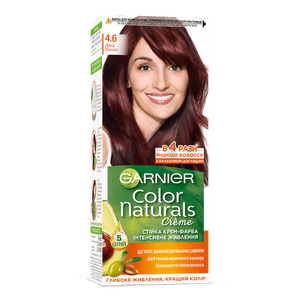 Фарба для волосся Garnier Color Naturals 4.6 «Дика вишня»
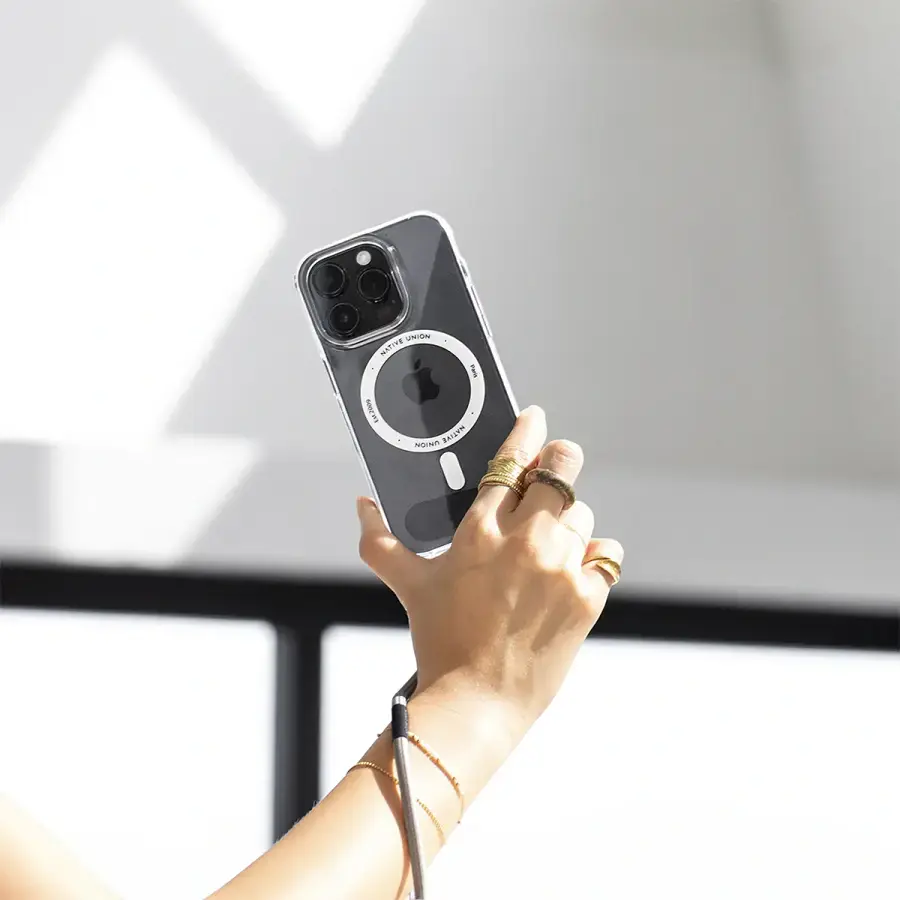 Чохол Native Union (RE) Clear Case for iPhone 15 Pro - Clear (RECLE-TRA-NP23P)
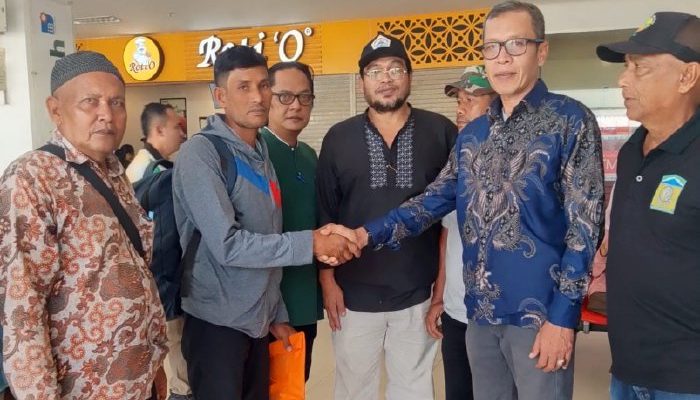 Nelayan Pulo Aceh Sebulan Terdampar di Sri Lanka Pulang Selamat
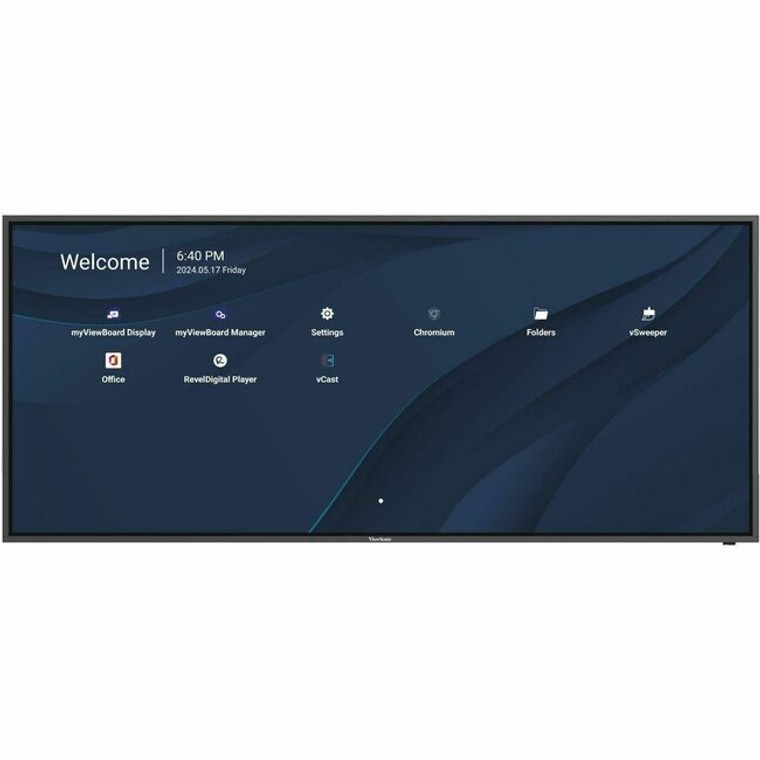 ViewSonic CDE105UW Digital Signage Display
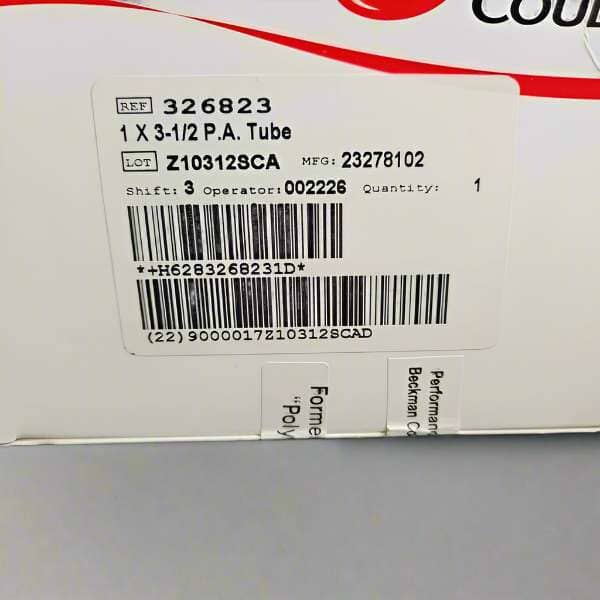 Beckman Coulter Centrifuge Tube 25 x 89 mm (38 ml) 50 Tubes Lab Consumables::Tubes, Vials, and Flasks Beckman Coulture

--

▶ [What this task involves]: Repeat each entry exactly as given; no pictures belong in the copy.

▶ [Answer to this problem]:
 Фарба для волосся Garnier Color Naturals 4.6 «Дика вишня»
 Чохол Native Union (RE) Clear Case for iPhone 15 Pro - Clear (RECLE-TRA-NP23P)
 Nelayan Pulo Aceh Sebulan Terdampar di Sri Lanka Pulang Selamat
 ViewSonic CDE105UW Digital Signage Display
 Beckman Coulter Centrifuge Tube 25 x 89 mm (38 ml) 50 Tubes Lab Consumables::Tubes, Vials, and Flasks Beckman Coulture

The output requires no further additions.